Jeff: You didn’t like the movie, you mean?

Judd: No, the sex.

Jeff: Oh, okay, because I got the indication that you didn’t like Jo Jo Dancer, Your Life Is Calling.

Judd: Well, there is—

Jeff: It’s not great. But there’s good stuff in it. And it’s Pryor playing himself, which is awesome.

Judd: I need to watch it again. But did you ever become the guy trying to get laid after the show?

Jeff: You know the answer to this one. We were on the road together a lot as young comics. No fucking way did that ever happen to me.

Judd: How many times did you get laid on the road?

Jeff: I have someone who keeps track of that for me. Unfortunately they’re not here tonight. Otherwise I could—I’m guessing, I mean, I can think of two. In twenty-nine years.

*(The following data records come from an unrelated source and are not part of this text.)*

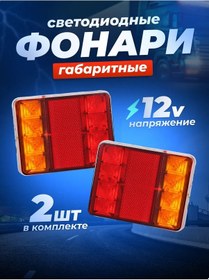 Resim 12v Karavan Arka Led Lambaları 279666547 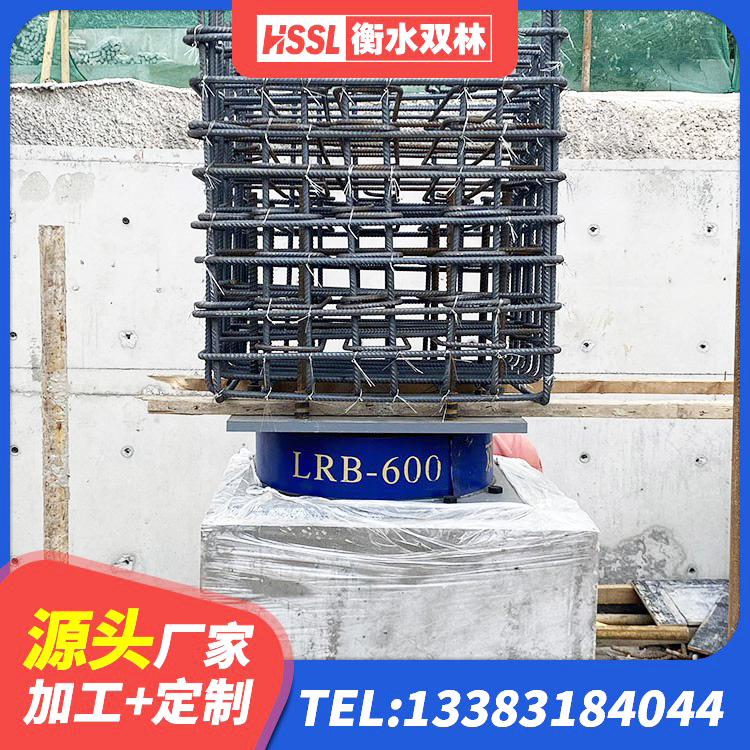 迎泽区减橡胶隔震支座源头工厂 迎泽区建筑橡胶支座什么价格 迎泽区LRB300铅芯隔震支座什么价格 迎泽区LRB600的隔震支座报价 - 第4张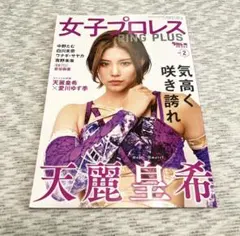 2026年最新】青野未来の人気アイテム - メルカリ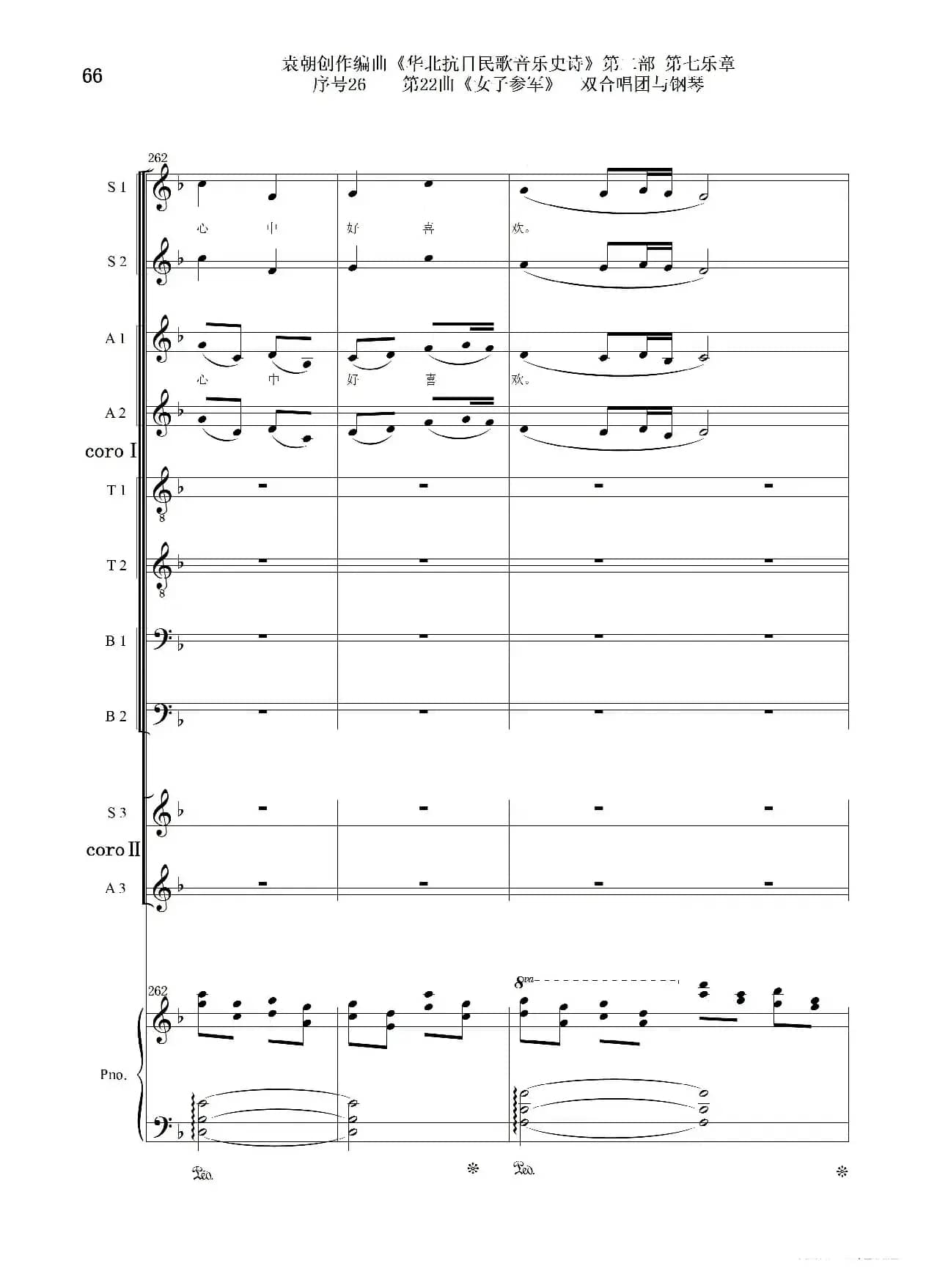 序号26第22曲《女子参军》双合唱团与钢琴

Judd: It takes a lot to be a road comic and not get laid.

Jeff: Yeah, it does. Because you’re surrounded by it. You’re surrounded by girls who would fuck you under normal—if you knew what you were doing. Anyway. You have two children, and you don’t want another kid, do you? I’m too tired.

Judd: I have two girls and I think it feels like the right amount with the potential of a very dangerous foster child in my future.

Jeff: Your daughters, by the way, are so adorable, and talented. When you sit down to write a movie, are you thinking, I’ve got to have them in it, or do you start writing and they pop up?

Judd: I just don’t like other people’s kids and I don’t want to be around other people’s kids.

Jeff: Let’s take a step back for a second.

Judd: Yeah.

Jeff: Okay. Young actors—kid actors—are, for the most part, so frightening. A couple things happen: Number one, the parents come with them. And they’re always scary. It’s all about them, really. It’s like parents of Little League kids—you know how they overcompensate and all that. That’s how it is with stage moms. I’ve had times when a seven-year-old goes, “Oh, I saw your show last night.” “Curb Your Enthusiasm?” “Yeah.” And then the mother goes, “He loves it.” Wow. My younger one is eleven and still has never seen it. He won’t see it for a while, either.